Every semisimple Lie algebra of dimension at most 5 is simple.

Question

How does one argue that every semisimple Lie algebra of dimension $\leq 5$ is simple. Since any simple algebra has dimension at least $3$, we have to show that any semisimple algebra of dimension $3,4,5$ is simple.

Answer 1

Let $\mathfrak{g}$ be semisimple, then $\mathfrak{g}=\oplus_{i=1}^n\mathfrak{g}_i,$ where each $\mathfrak{g}_i$ is simple. The dimension of every $\mathfrak{g}_i$ is $\geq3$. If the dimension of $\mathfrak{g}$ is $\leq5$, how many $\mathfrak{g}_i$'s can there be?

Answer 2

In characteristic $p>0$ a semisimple Lie algebra $L$ need not be the direct sum of simple Lie algebras, and there are simple Lie algebras not only of dimension $3$, but also of dimension $5$, i.e., the $p$-dimensional Witt algebra $W(1,1)$ for $p=5$. Probably it is still true that every semisimple Lie algebra of dimension $n\le 5$ is already simple, but I did not find this yet in the literature.
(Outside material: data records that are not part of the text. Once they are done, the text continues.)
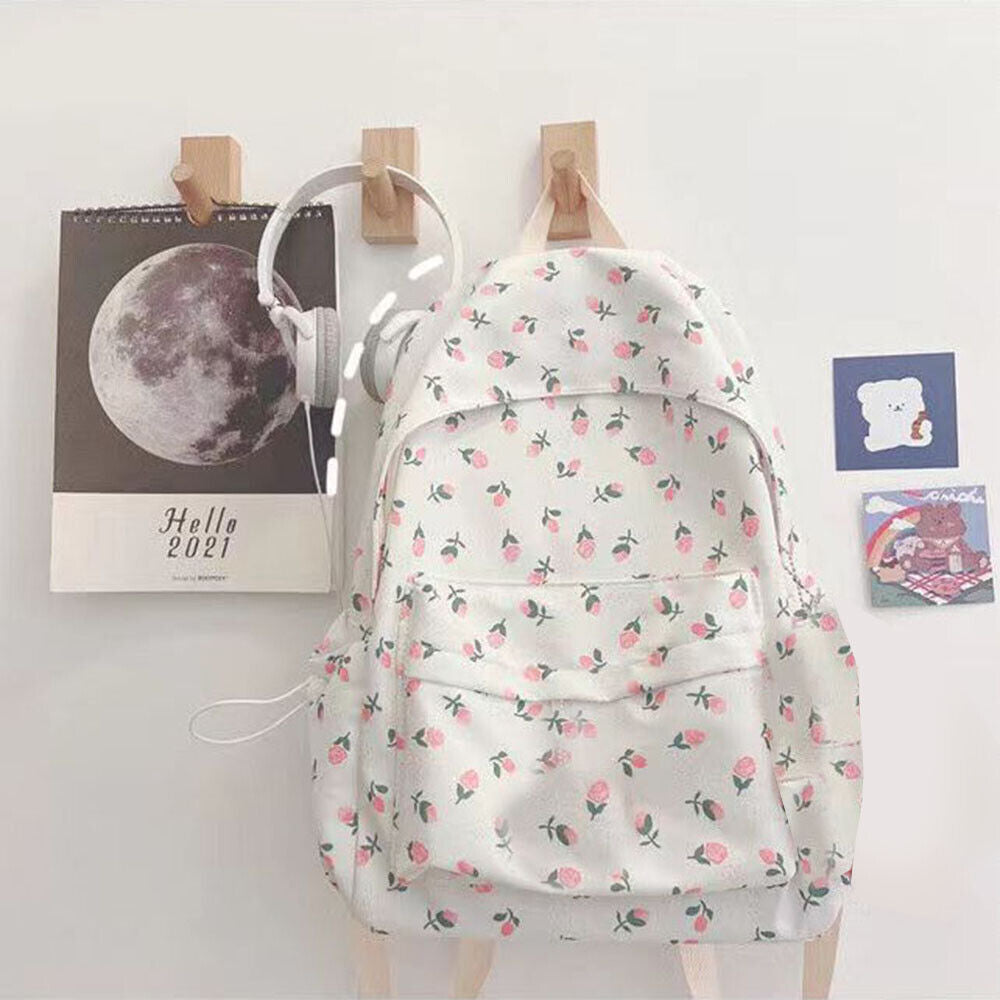 Female Bag Girls School Bag Travel Bag Backpack Sports Bag Floral Cute Ins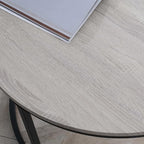HOMCOM Round Nesting Tables Set of 2, Stacking Coffee Table Set - Image 8
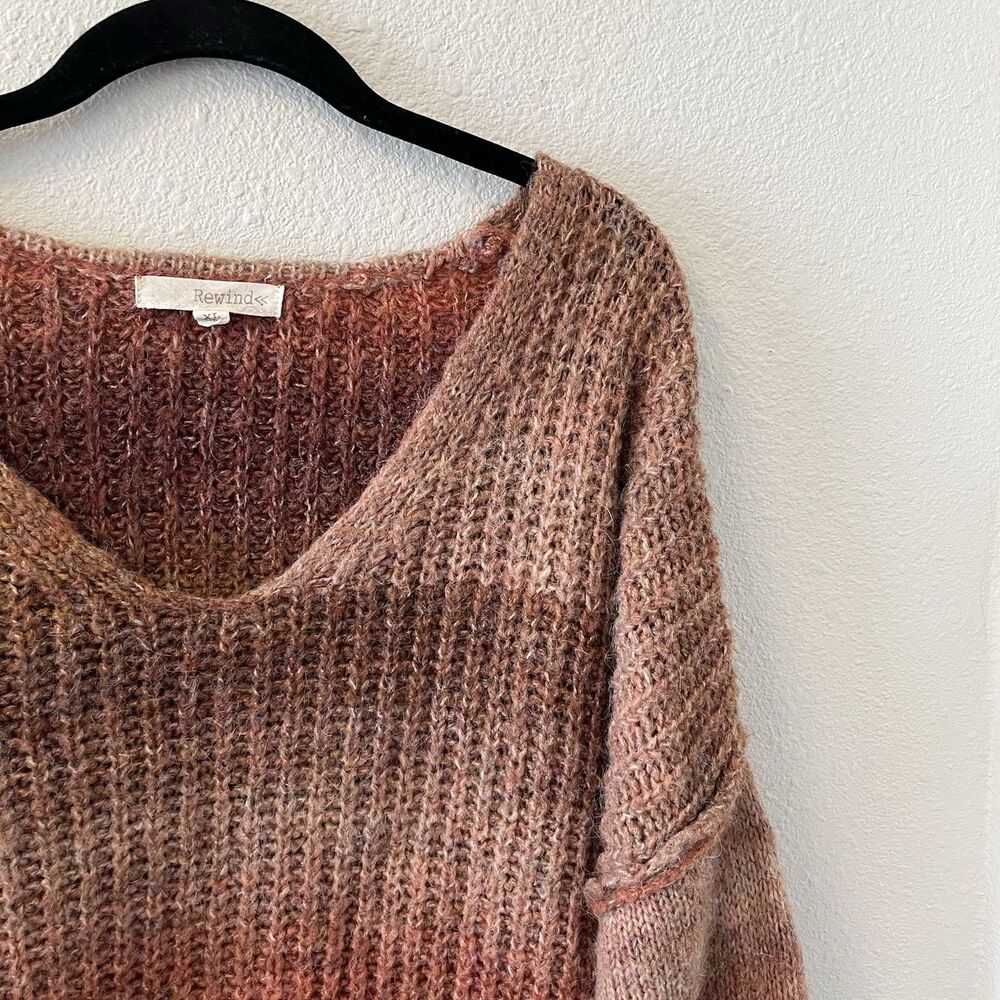 Rewind Women's Sweater Size XL Ombre Brown Tones Oversized Balloon Sleeves Boho - Picture 3 of 12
In characteristic zero, every semisimple Lie algebra is the direct sum of simple Lie algebras, which have at least dimension $3$, because every Lie algebra of dimension $n\le 2$ is solvable. Hence there is no semisimple Lie algebra of dimension $4$ and $5$, and it remains to show that every semisimple Lie algebra of dimension $3$ is simple. So let $L$ be semisimple, and $\dim(L)=3$. Let $I$ be a proper ideal of $L$. Then $I$ and $L/I$ are solvable, because both are of dimension at most $2$. Hence $L$ is solvable, a contradiction. Hence $L$ has no proper ideal, and is simple.